■ TO DO ■
All the lines below need retyping exactly, apart from the images.
Segment Start: SOURCE MATERIAL
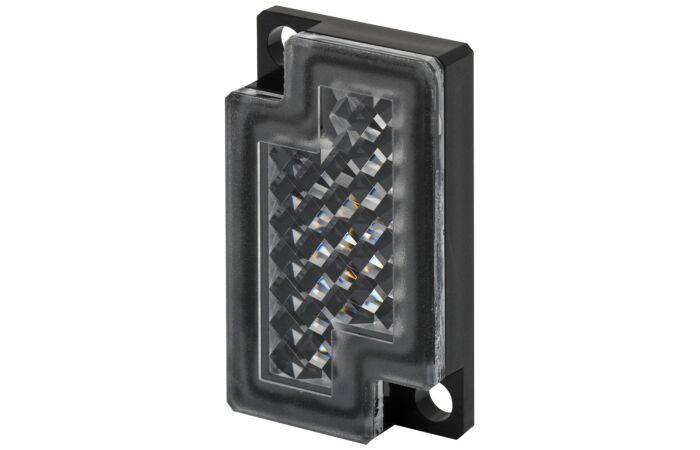 OMRON Produkt E39-R4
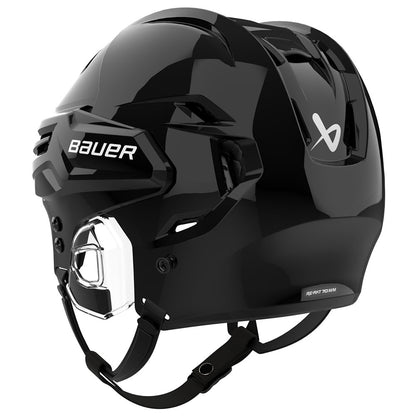 Bauer Re-Akt 70 Hockey Helmet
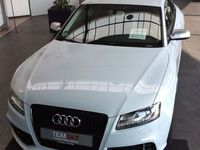 gebraucht Audi RS5 Coupe 4.2 FSI quattro, Navi, HU/AU neu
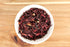 1 lb, Anthony's Organic Hibiscus Flowers, Cut & Sifted, Gluten Free, Non GMO, Non Irradiated, Keto Friendly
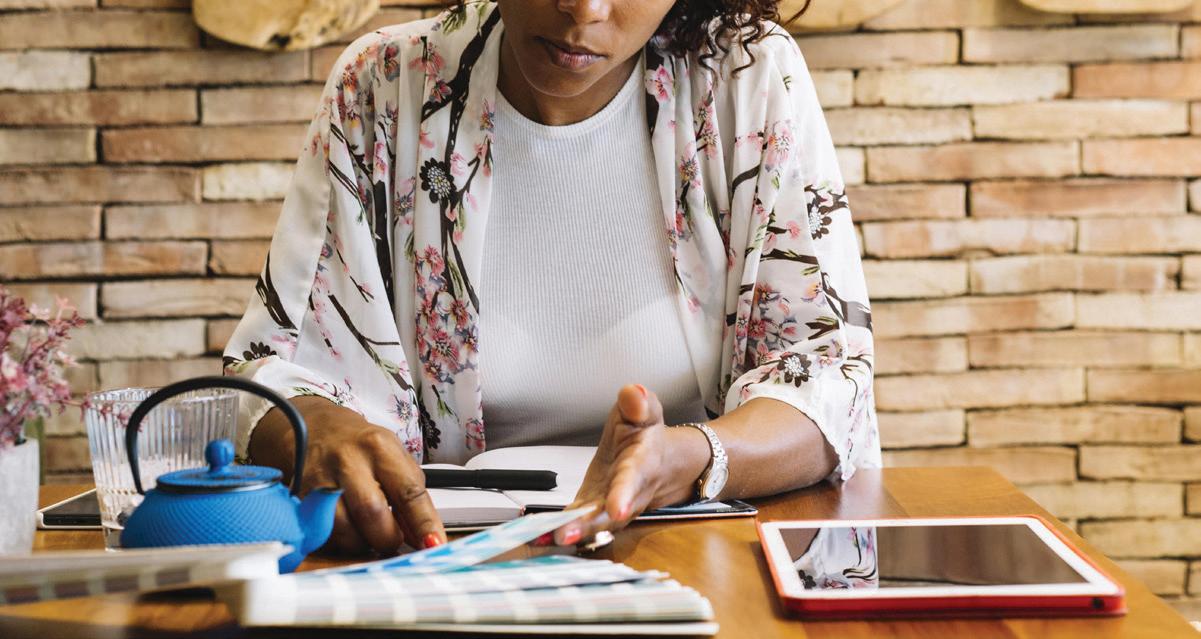 Households see some relief, but financial resilience remains fragile, Altron FinTech Index shows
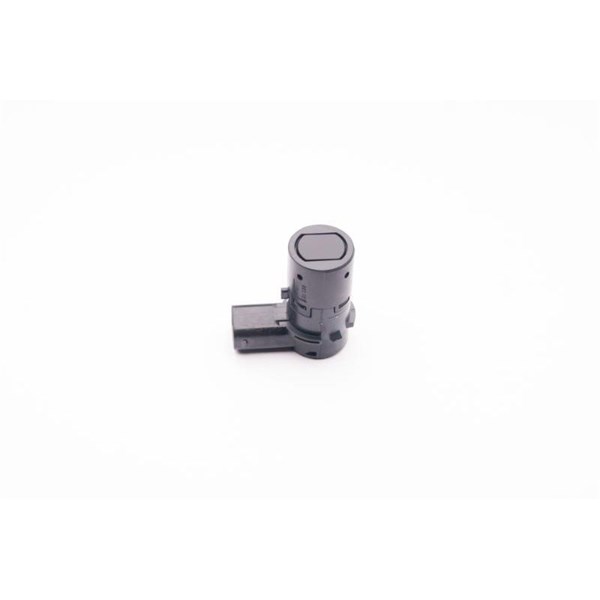 Sensor, parkeringshjälp 12V Esen skv 28SKV008 ESEN SKV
Segment End: SOURCE MATERIAL
■ RESULT ■
 OMRON Produkt E39-R4
 Bauer Re-Akt 70 Hockey Helmet
 gebraucht Audi RS5 Coupe 4.2 FSI quattro, Navi, HU/AU neu
 1 lb, Anthony's Organic Hibiscus Flowers, Cut & Sifted, Gluten Free, Non GMO, Non Irradiated, Keto Friendly
 Households see some relief, but financial resilience remains fragile, Altron FinTech Index shows
 Sensor, parkeringshjälp 12V Esen skv 28SKV008 ESEN SKV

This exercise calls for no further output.